Le parcours des personnages est plein d'épreuves, de stations, d'arrêts momentanés, qui donnent au spectateur cette impression d'un temps contre lequel ils luttent, un temps compté, une entité présente à l'esprit de chacun et que chacun cherche à repousser. Magnifique séquence où la grand-mère, revenant de chez sa soeur avec des haricots, des canards et des oeufs, cherche à s'en délester, les marchandant avec les personnes qu'elle rencontre, pour rentrer chez elle plus facilement.
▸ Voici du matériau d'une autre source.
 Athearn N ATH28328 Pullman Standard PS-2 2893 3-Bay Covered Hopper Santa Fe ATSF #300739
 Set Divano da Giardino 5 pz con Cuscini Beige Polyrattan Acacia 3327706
Le film est plein de moments très inspirés, qui faisaient peut-être un peu défaut dans Kinatay, tels celui de la pèche miraculeuse, gracieux, formidable rupture de ton, où la grand-mère s'absente de un temps de la veillée funèbre, s'assoit sur une chaise, et aperçoit, dans l'eau qui menace sa maison, quelques poissons. Il y a là une vraie trouée, pas seulement poétique, aussi libératrice, qui donne à la narration toute sa vérité.
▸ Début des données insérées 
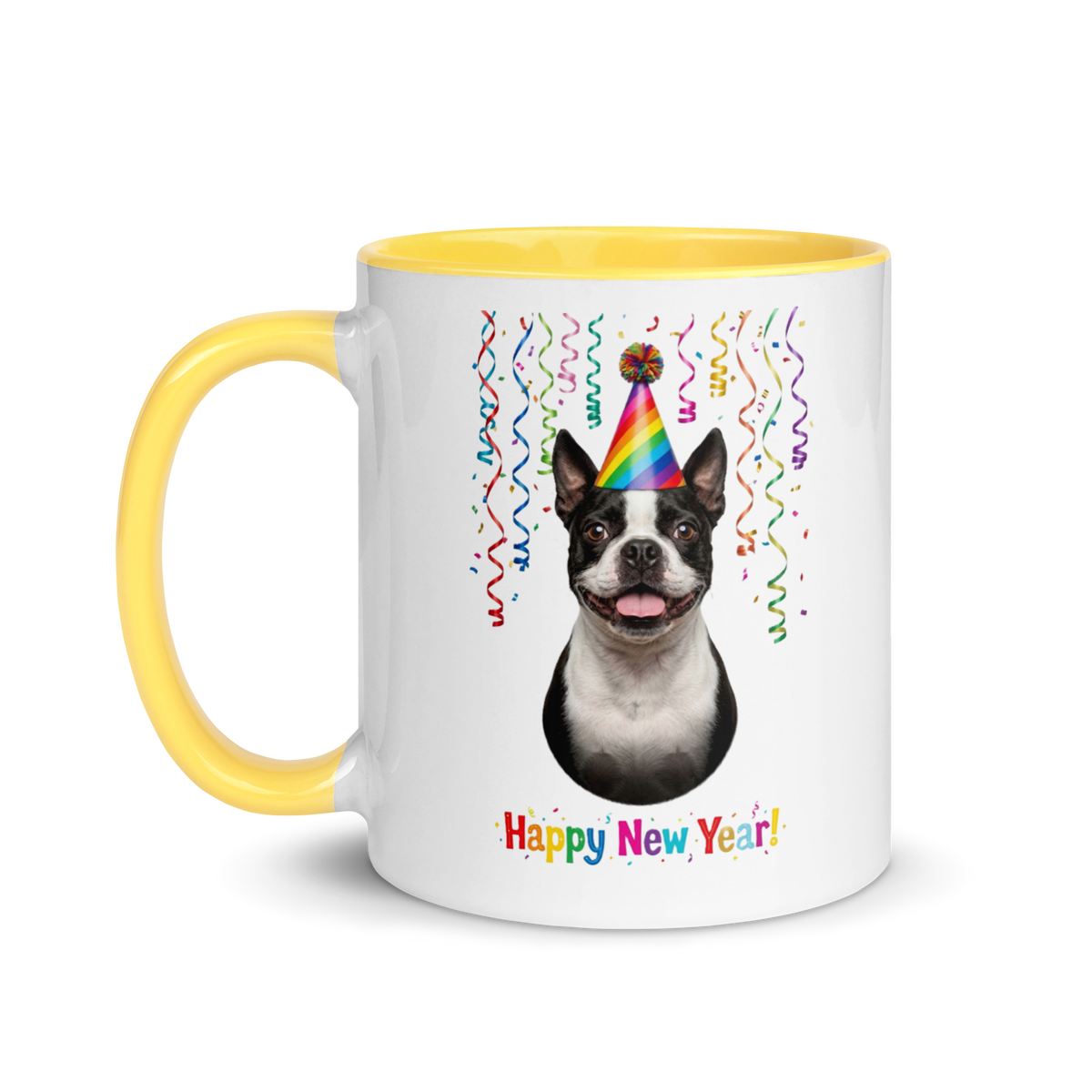 Boston Terrier Ceramic New Year Mug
Je regrette un peu plus certains moments musicaux au début, où le son de la ville s'arrête, et où le film semble se figer sur des émotions plus convenues, plus univoques. L'image hétérogène de Mendoza semble alors obéir à un seul mot d'ordre.

jeudi 13 novembre 2008

Serbis - Brillante Mendoza


C'est toujours un moment incroyable de découvrir un cinéaste, un vrai. Ca se repère assez vite : soudain, on est plongé dans quelque chose d'infiniment singulier, qui ne dit jamais ce qu'on attend, qui ne représente rien d'autre que lui-même. Un cinéma qui ne se fait pas l'écho du monde, qui paraît être en trop, posé là sur Terre par hasard, presque une erreur.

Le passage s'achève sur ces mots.